PROBLEM DESCRIPTION
Would you please copy only the lines from the line that contains "Un bol de recette" to the end of the data below, exactly, leaving every picture out?

SOURCE MATERIAL
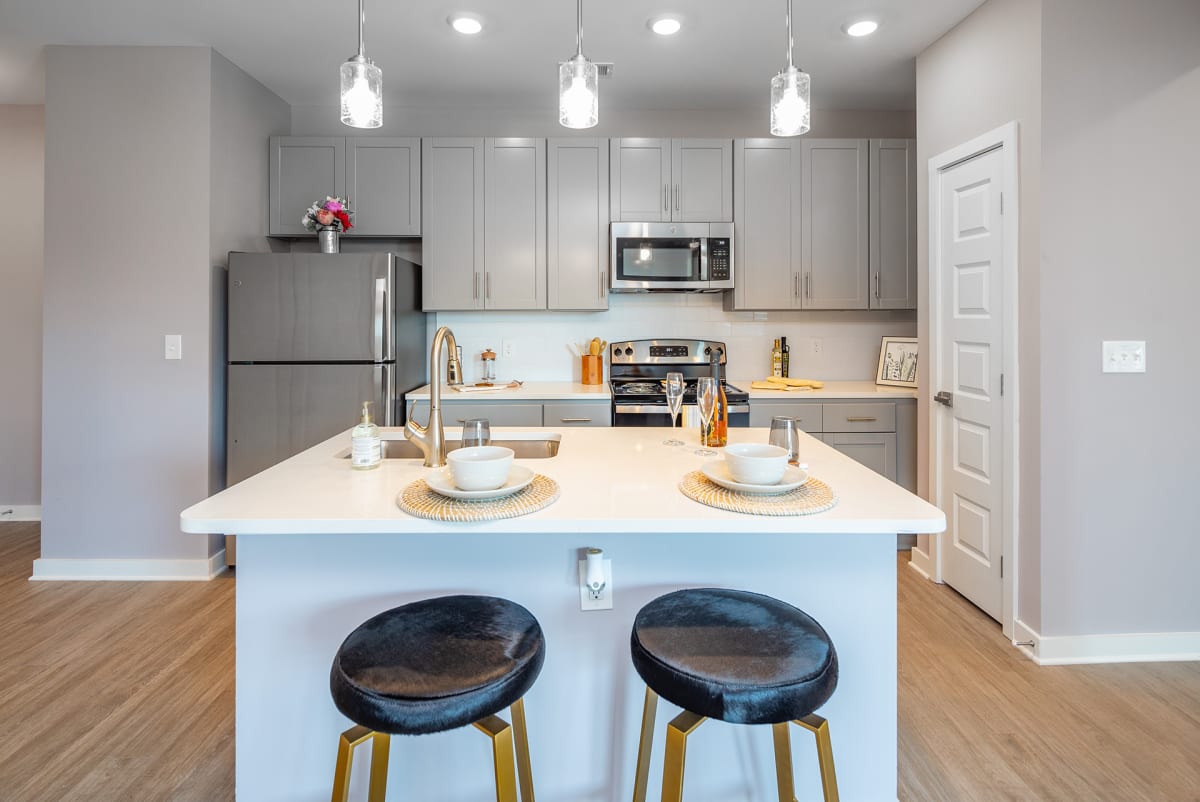 The Enclave at Providence Luxury Apartments kitchen with island and stainless appliances - Mt. Juliet, TN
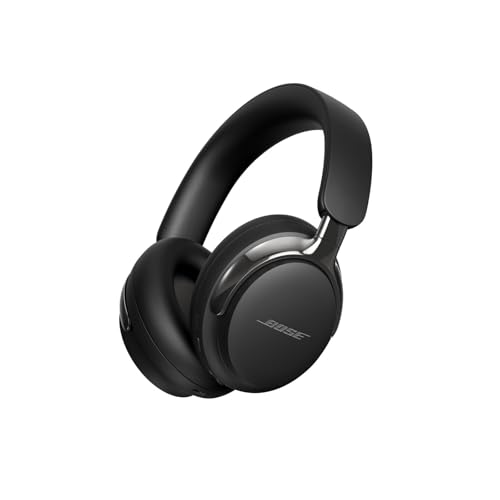 Bose QuietComfort Ultra Headphones 2nd Gen in matte black over-ear design on a busy airport gate seat, the soft-padded ear cups and stitched headband visible, capacitive touch strip on the right cup — PCMag's pick for the most consistently excellent noise cancellation in 2026 with aptX Adaptive codec and Immersive Audio spatial modes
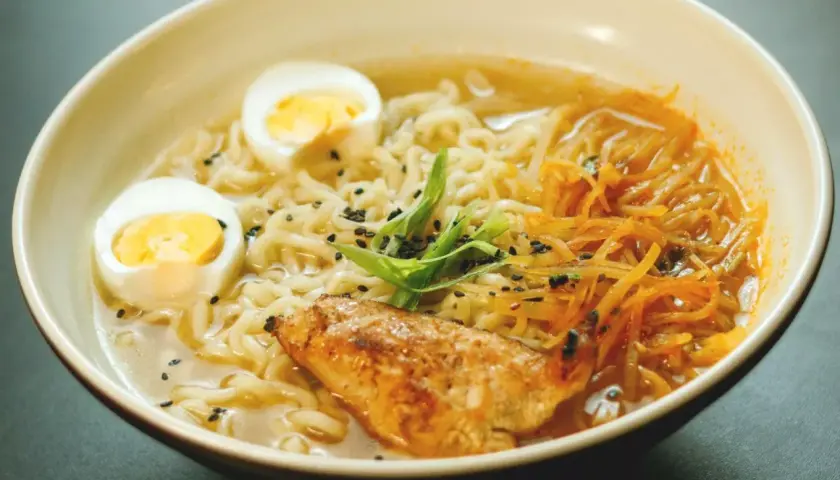 Un bol de recette ramen poulet, garni d'œufs durs, de poulet grillé, de nouilles et de ciboule.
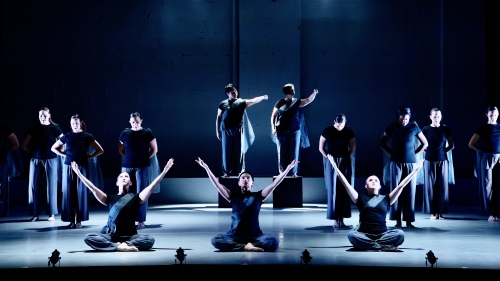 A deep blue stage with dancers posed, some on the floor and some standing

RESULT OF THE EXERCISE
 Un bol de recette ramen poulet, garni d'œufs durs, de poulet grillé, de nouilles et de ciboule.
 A deep blue stage with dancers posed, some on the floor and some standing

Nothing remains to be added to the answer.